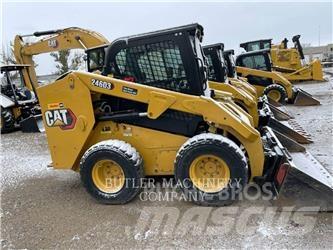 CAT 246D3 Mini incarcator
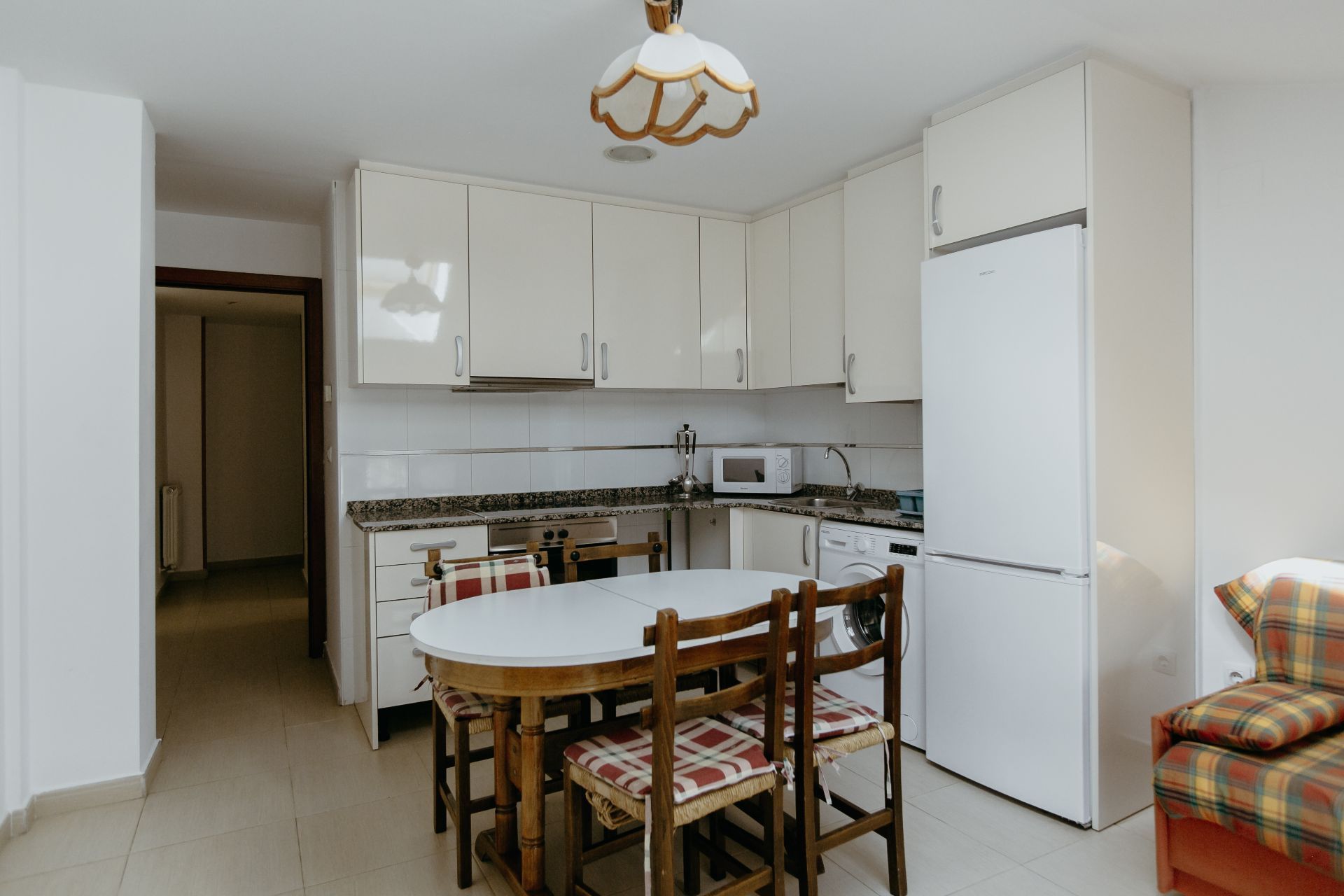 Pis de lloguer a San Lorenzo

--

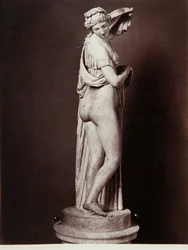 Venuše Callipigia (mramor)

• **EXERCISE**
Although the records hold pictures, the copy must not; give again exactly the lines from the one with "CAT 246D3 Mini incarcator" through the one with "Pis de lloguer a San Lorenzo".

• **SOLUTION TO THIS TASK**
 CAT 246D3 Mini incarcator
 Pis de lloguer a San Lorenzo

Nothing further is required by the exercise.